Let's take another example. Linens & Things is needlessly redundant since most people, after seeing a newspaper ad, or walking by the store window, will know the company sells linens and things. It would be better to use the name to capture some key strategic position or advantage, or to evoke a feeling or emotion. Is Linen & Things the best, the fastest, the largest, the most service orientated, the trendiest? We simply do not know. They have described but they have not evoked. They've explained but they have not engaged.

The objection I routinely hear is "But with names like these, no one will know what I do!" And that's when I explain that trust is needed … trust in the power of context to fill in the blanks. That way the name is freed to paint a picture, engage the senses and position the brand to reflect not what you do, but how you do it.

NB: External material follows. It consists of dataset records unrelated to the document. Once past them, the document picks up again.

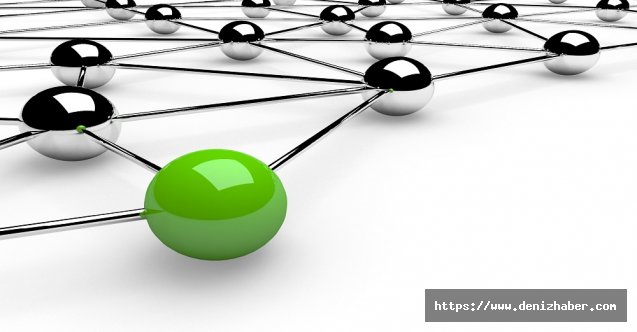 Türk bilim insanları Antarktika&#039;dan sonra Arktik&#039;te de yeni bakteri keşfetti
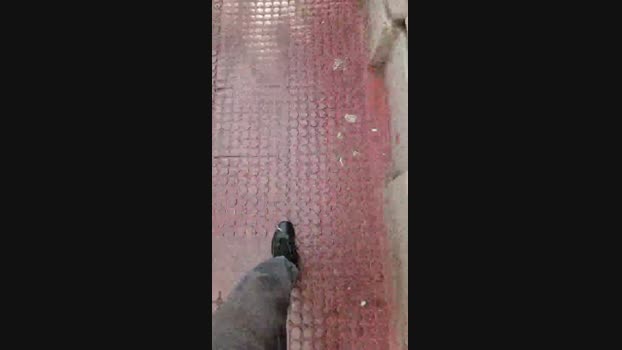 man546 Cam4 12-10-2024 Males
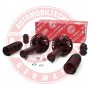 16K005493 MASTER-SPORT GERMANY Амортизатор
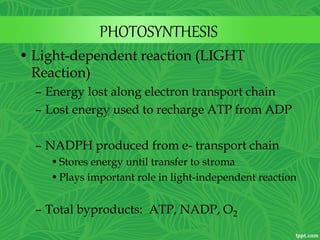 PHOTOSYNTHESIS
• Light-dependent reaction (LIGHT
Reaction)
– Energy lost along electron transport chain
– Lost energy used to recharge ATP from ADP
– NADPH produced from e- transport chain
•Stores energy until transfer to stroma
•Plays important role in light-independent reaction
– Total byproducts: ATP, NADP, O2
 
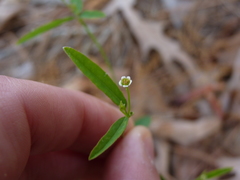 Euphorbia curtisii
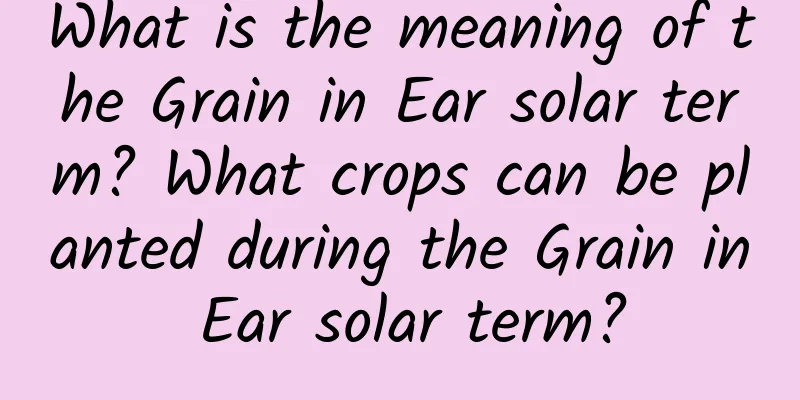 What is the meaning of the Grain in Ear solar term? What crops can be planted during the Grain in Ear solar term?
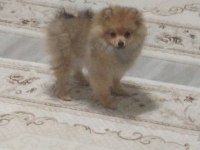 Pomeranian tilki surat pomeranian kızım
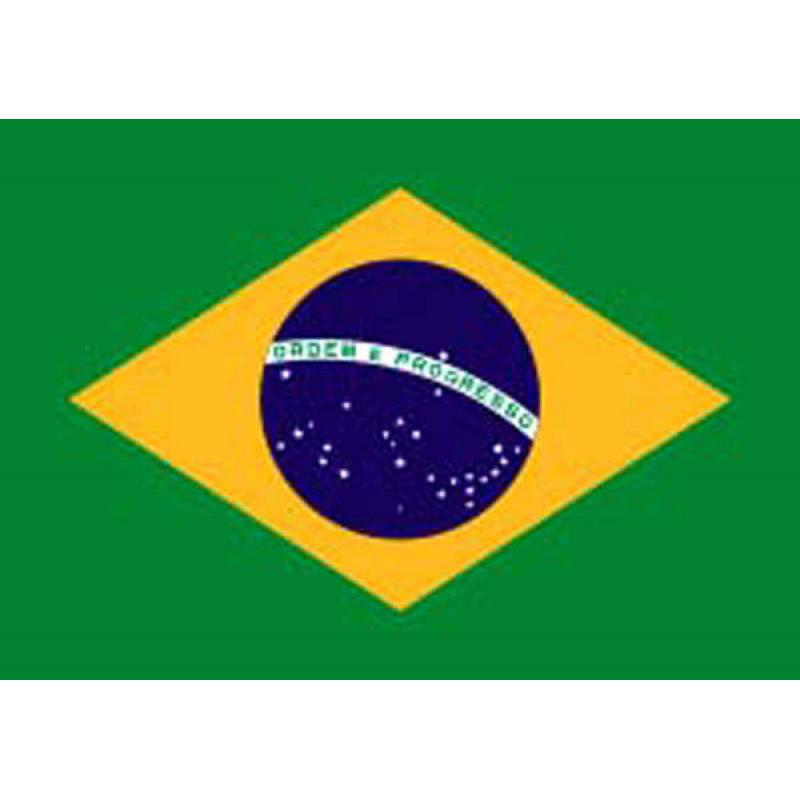 Drapeau Brésil pas cher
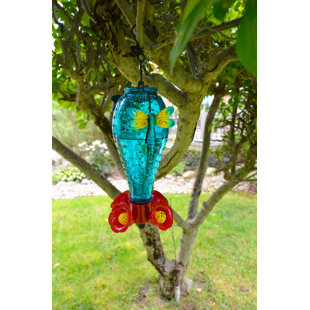 Perky Pet Sapphire Starburst Vintage Hummingbird Feeder Wayfair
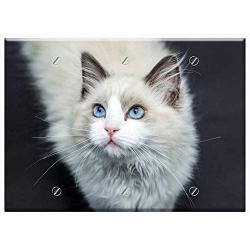Triple Blank Wall Plate Cover - Cats Cat Pet Cat Face Kitten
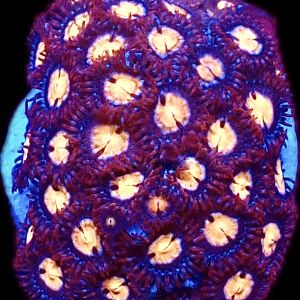 Caribbean Crunch Zoanthid (10+ Polyps )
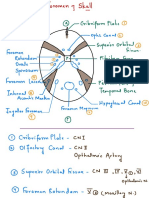 Foramen of Skull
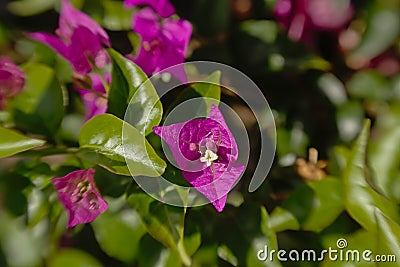 Bright pink great bougainvillea flowers, shot wiht lensbaby lens with artistic blur effect Stock Photo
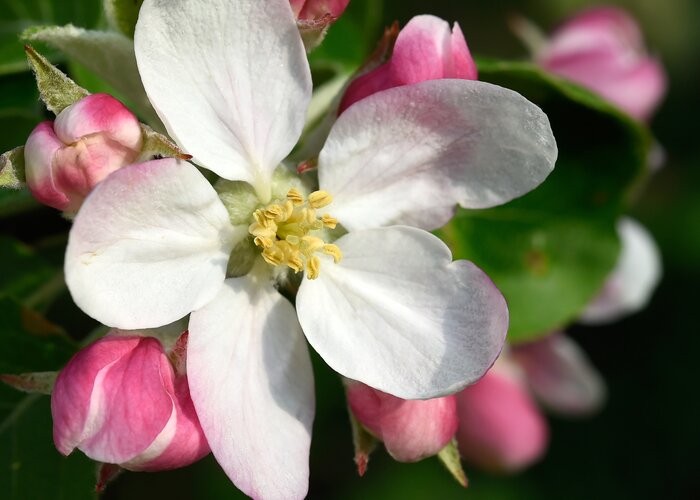 Apple blossom at the Styrian Apple Route (Eastern Styria) | © Steiermark Tourismus | Gery Wolf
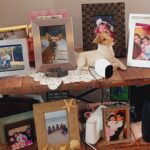 A shelf of framed family and pet photos.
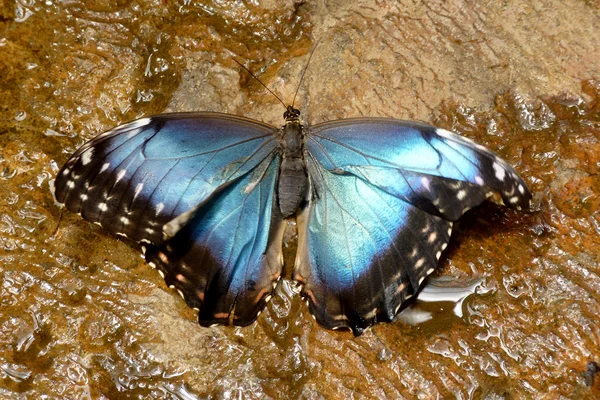 Μπλε πεταλούδα Morpho — Φωτογραφία Αρχείου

So will any weird word work?

No.

Weird for weird sake will just leave the customer scratching his or her head in bewilderment of moving on in indifference. Bold, engaging names will create the desire to know more, and that's where you need to be ready to tell the story. The name then becomes a segue to a larger story. It starts with the name and tagline and then continues to the: 15 second elevator speech and beyond.

One of our clients we named was TKO Surgical. When asked if that's a boxing reference, our client gives an emphatic "yes," explaining that they have a mission to both defend and fight for their clients' needs. They'll champion their cause and remain in their corner until the last bell sounds. Their tag line? "Technically Superior."

So when a name is based on a metaphor, a key attribute, an acronym, or a positive connotation, the overeaching goal is to create a name that engages. Perhaps that's why Albert Einstein asserted that "Imagination is more important than knowledge." If given the choice of engaging vs. informing, opt for a name that begs for more. It may seem weird, but the results can be wonderful.